Rechtbank Zeeland-West-Brabant oordeelt dat het volstrekt ongeloofwaardig is dat de gemachtigde op 15 mei 2021 het bezwaar bij zichzelf heeft ingediend, ruim zeven maanden thuis heeft laten liggen en vervolgens zes dagen na het HR-Kerstarrest bij de receptie van de Belastingdienst heeft afgegeven. Het bezwaar is niet-ontvankelijk wegens termijnoverschrijding. Het bezwaar kan worden aangemerkt als een verzoek om ambtshalve vermindering. Er is niet tijdig op dit verzoek beslist. De rechtbank draagt de inspecteur op om op dit verzoek beslissen.

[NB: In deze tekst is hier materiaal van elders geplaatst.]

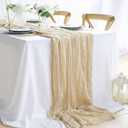 20 Pack Beige Cheesecloth Table Runner 10FT Boho Gauze Fabric Cheese Cloth Table Runners for Wedding ,Party,Baby Shower, Bridal Party, Rustic Farmhouse and Table Decorations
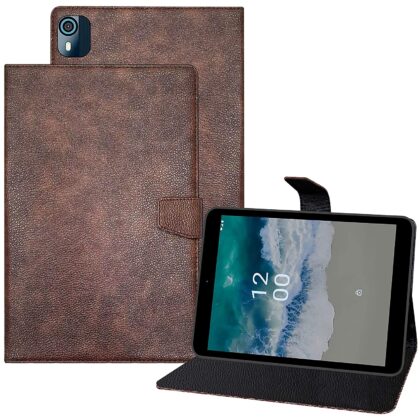 TGK Executive Adjustable Stand Leather Flip Case Cover for Nokia Tab T10 8 inch Tablet TA-1472 (Brown)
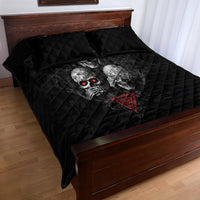 Skull Quilt Bed Set No See No Hear No Speak Evil - Wonder Print Shop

Recent is bekend geworden dat een ‘massaal bezwaar plus’-procedure kan worden gevoerd over de vraag of aan belastingplichtigen die niet tijdig bezwaar hebben gemaakt rechtsherstel moet worden verleend. De aanwijzing vindt naar verwachting begin 2023 plaats. De rechtbank draagt de inspecteur op om binnen vier weken na de datum van de beslissing om verzoeken als die van belanghebbende al dan niet aan te wijzen als ‘massaal bezwaar plus’, een beslissing te nemen. Als de aanwijzing voor het verzoek van X geldt, dan wordt de termijn om te beslissen opgeschort tot en met de dag voorafgaande aan de dag waarop de collectieve uitspraak wordt gedaan.

De rechtbank bepaalt dat de inspecteur een dwangsom van € 100,- moet betalen voor elke dag waarmee de beslistermijn nu nog wordt overschreden met een maximum van € 15.000. Voor de reeds verstreken periode sinds de ingebrekestelling ontvangt X een dwangsom van € 1.442.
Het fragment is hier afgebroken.